Research Article

Quantitative analysis of population-scale family trees with millions of relatives

Science  13 Apr 2018:
Vol. 360, Issue 6385, pp. 171-175
DOI: 10.1126/science.aam9309
  • Fig. 1 Overview of the collected data.

    (A) The basic algorithmic steps to form valid pedigree structures from the input data available via the Geni API. Gray, profiles; red, marriages. See fig. S2 for a comprehensive overview. The last step shows an example of a real pedigree from the website with ~6000 individuals spanning about seven generations. (B) Size distribution of the largest 1000 family trees after data cleaning, sorted by size.

  • Fig. 2 Analysis and validation of demographic data.

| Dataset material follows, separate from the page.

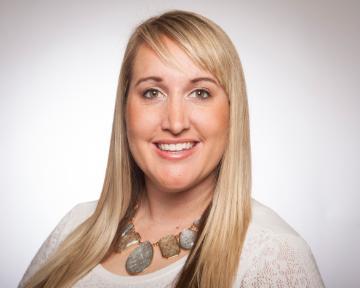 A smiling person in a professional headshot.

    (A) Distribution of life expectancy per year. Colors correspond to the frequency of profiles of individuals who died at a certain age for each year. Asterisks indicate deaths at military age in the Civil War and First and Second World Wars. (B) Expected life span in Geni (black) and the Oeppen and Vaupel study [red (27)] as a function of year of death. (C) Comparison of the life-span distributions versus Geni (black) and HMD (red). See also fig. S5A. (D) Geographic distribution of the annotated place-of-birth information. Every pixel corresponds to a profile in the data set. (E) Validation of geographical assignment by historical trends. Top: Cumulative distribution of profiles since 1500 for each city on a logarithmic scale as a function of time. Bottom: Year of first settlement in the city.

  • Fig. 3 The genetic architecture of longevity.

    (A) Regression (red) of child longevity on its mid-parent longevity (defined as difference between age of death and expected life span). Black squares, average longevity of children binned by the mid-parent value; gray bars, estimated 95% confidence interval (CI). (B) Estimated narrow-sense heritability (red) with 95% confidence intervals (black bars) obtained by the mid-parent design stratified by the average decade of birth of the parents. (C) Correlation of a trait as a function of IBD under strict additive (h2, orange), squared (VAA, purple), and cubic (VAAA, green) epistasis architectures after dormancy adjustments. (D) Average longevity correlation as a function of IBD (black circles) grouped in 5% increments (gray: 95% CI) after adjusting for dominancy. A dashed line denotes the extrapolation of the models toward monozygotic twins from the Danish Twin Registry (red circle).

  • Fig. 4 Analysis of familial dispersion.

    (A) Median distance [log10(x + 1)] of father-offspring places of birth (cyan), mother-offspring (red), and marital radius (black) as a function of time (average year of birth). (B) Rate of change in the country of birth for father-offspring (cyan) or mother-offspring (red) stratified by major geographic areas. (C) Average IBD (log2) between couples as a function of average year of birth. Individual dots represent the measured average per year; the black line denotes the smooth trend using locally weighted regression. (D) IBD of couples as a function of marital radius. Each dot represents a year between 1650 to 1950. The blue line denotes the best linear regression line in log-log space.

    A time lapse of the birth places of the Geni data from 1400 to 1900 in jumps of five years. Each colored pixel corresponds to a genealogical profile and the intensity indicates the number of profiles. Prominent colonization events are noted.